Bei dieser Abseitstechnologie werden, wie die FIFA erklärt, zehn zusätzliche Kameras am Stadiondach installiert, die sowohl den Ball als auch jeweils 18 Punkte am Körper jedes Spielers erfassen. Damit soll sich deren Position auf dem Feld zu jeder Zeit exakt bestimmen lassen.

Die neue Technologie soll wesentlich exakter sein als die Abseitsbestimmung anhand von Frames und Perspektiven der Fernsehkameras mit dem Anlegen der kalibrierten Linien durch den VAR. Eine Abseitsstellung soll sofort und automatisch an den Video-Assistenten gemeldet werden, der diese Information dann verarbeiten kann, einschließlich einer Weitergabe an den Referee.

Wird die neue Abseitstechnik auch in der Bundesliga eingeführt?

Wenn die Technik vernünftig funktioniert, dürften die Abseitsüberprüfungen nach Toren also erheblich rascher vonstattengehen. Ein langes Warten bei knappen Abseitsentscheidungen käme dann kaum mehr vor. In einer Situation wie jener in Freiburg würde der VAR vom System ein Signal erhalten, dass ein Spieler im Abseits war und den Ball gespielt hat.

Bei Spielern wiederum, die in einer Abseitsposition den Ball nicht berühren, aber eventuell einen Gegner beim Kampf um den Ball beeinträchtigen, würde die Abseitsstellung als solche gemeldet, und der Unparteiische müsste wie bisher selbst darüber befinden, ob eine Beeinflussung vorliegt.

Für die Schiedsrichter dürfte diese Technologie eine ähnlich wertvolle Hilfe sein wie die Torlinientechnik.

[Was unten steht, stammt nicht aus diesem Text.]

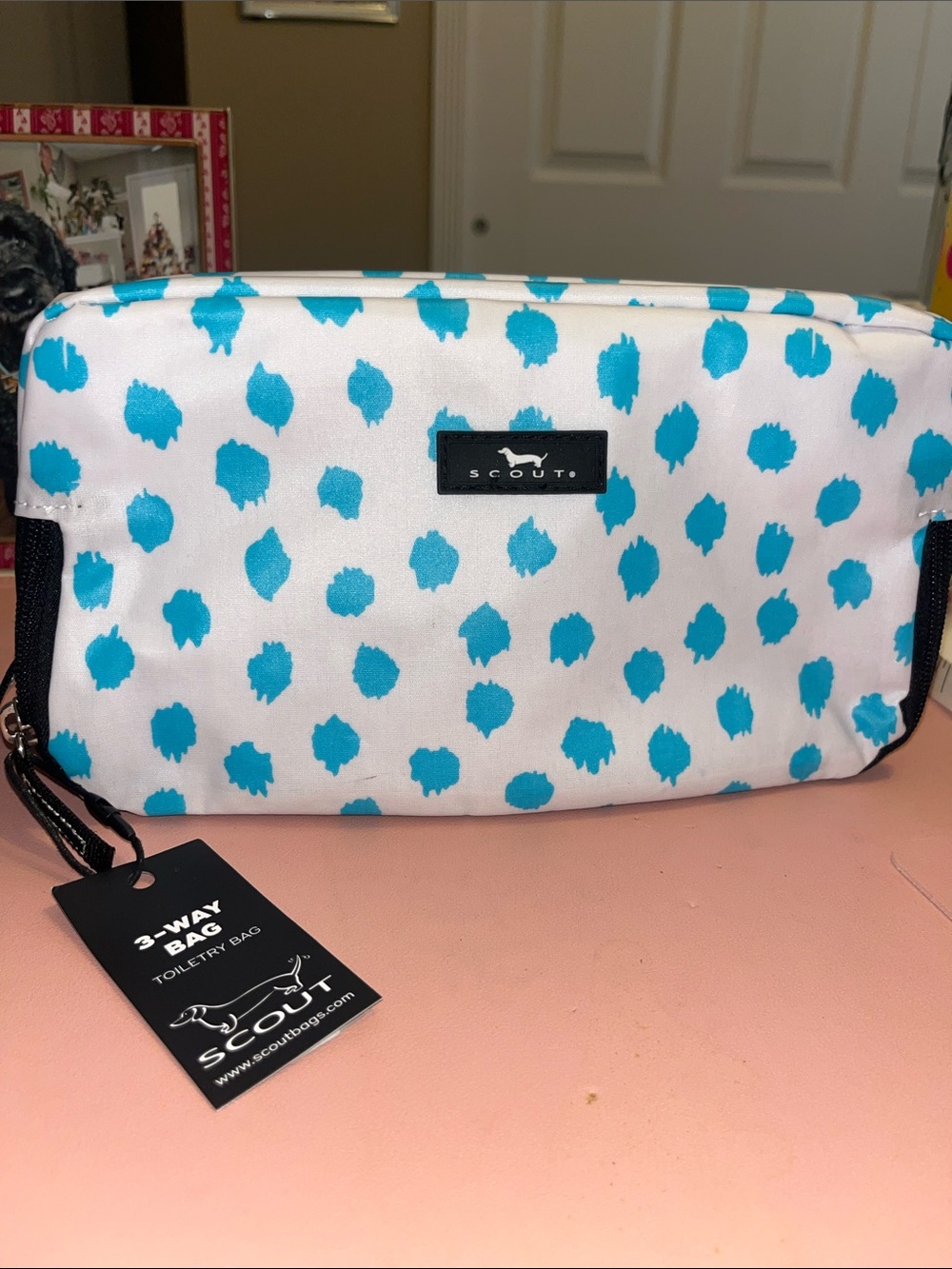 Scout White 3-Way Toiletry Cosmetic Bag with Blue Dot Print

Die FIFA plant, sie auch bei der Weltmeisterschaft in Katar Ende des Jahres einzusetzen, dann sollen die Kameras sogar bis zu 29 Punkte an den Körpern der Spieler erfassen können.

Wenn alles funktionieren sollte wie vorgesehen, dürften auch wenigstens die großen Ligen die halbautomatische Abseitstechnologie einführen. Der früheste Zeitpunkt für die Bundesliga wäre der Beginn der Saison 2023/24.